SUPPLIED DATA:
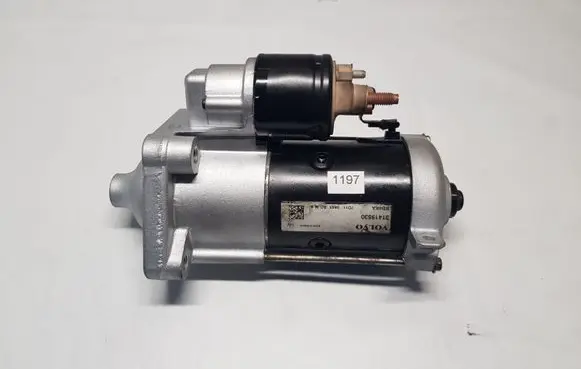 Volvo XC60 Starter motor 31419530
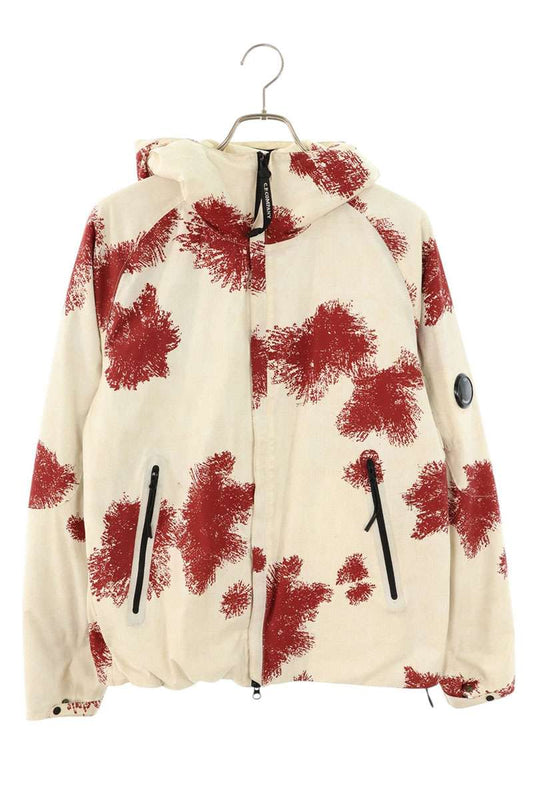 C.P.COMPANY Snow Camo Primaloft Blouson Multi Size L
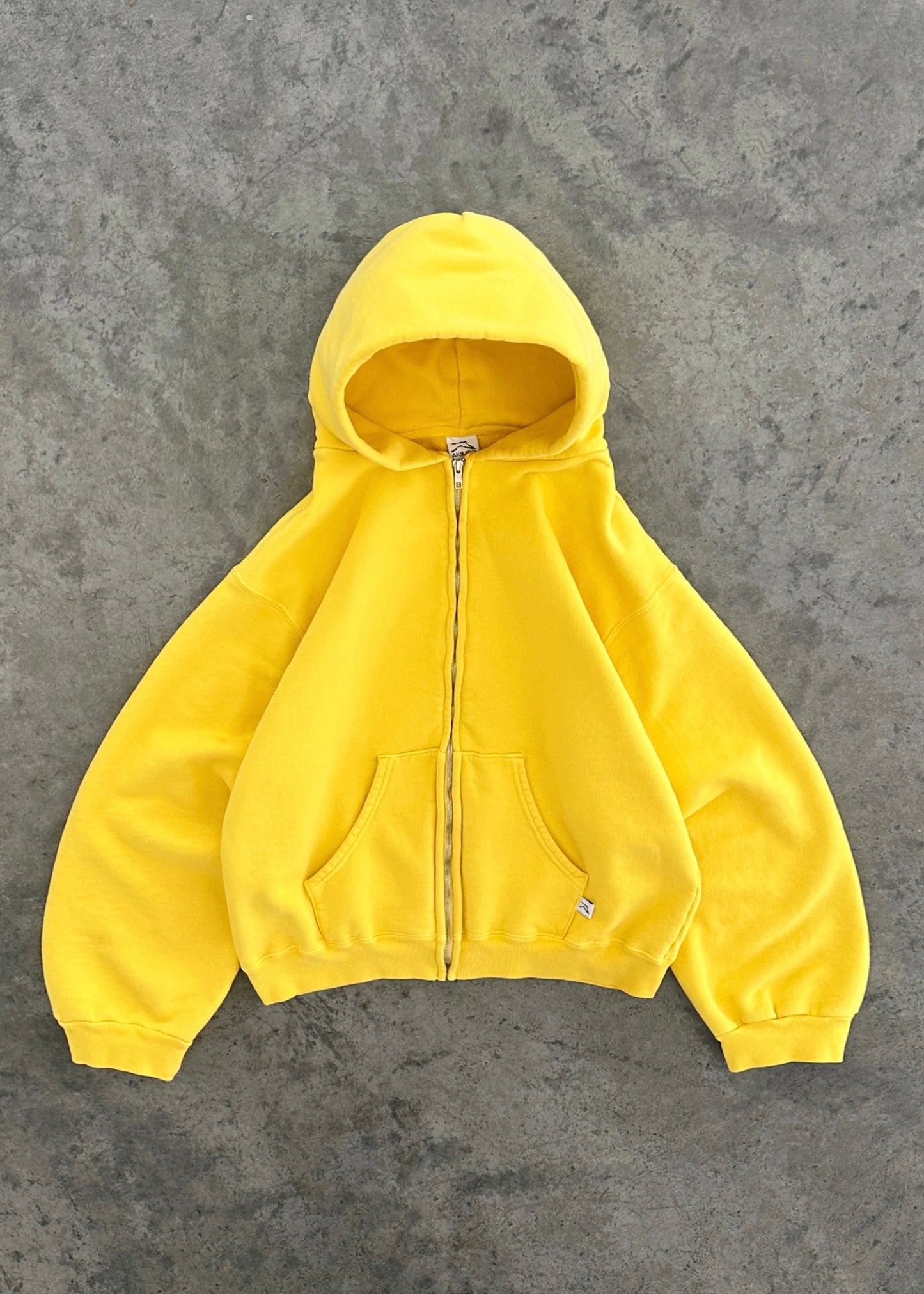 Felpa con cappuccio e cerniera SWEATS®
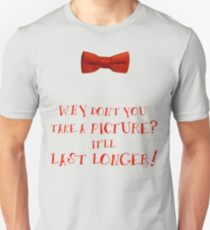Take a Picture! Unisex T-Shirt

EXERCISE PROMPT: From the first line to the last, repeat the listing exactly and skip its images.

ANSWER FOR THIS EXERCISE:
 Volvo XC60 Starter motor 31419530
 C.P.COMPANY Snow Camo Primaloft Blouson Multi Size L
 Felpa con cappuccio e cerniera SWEATS®
Take a Picture! Unisex T-Shirt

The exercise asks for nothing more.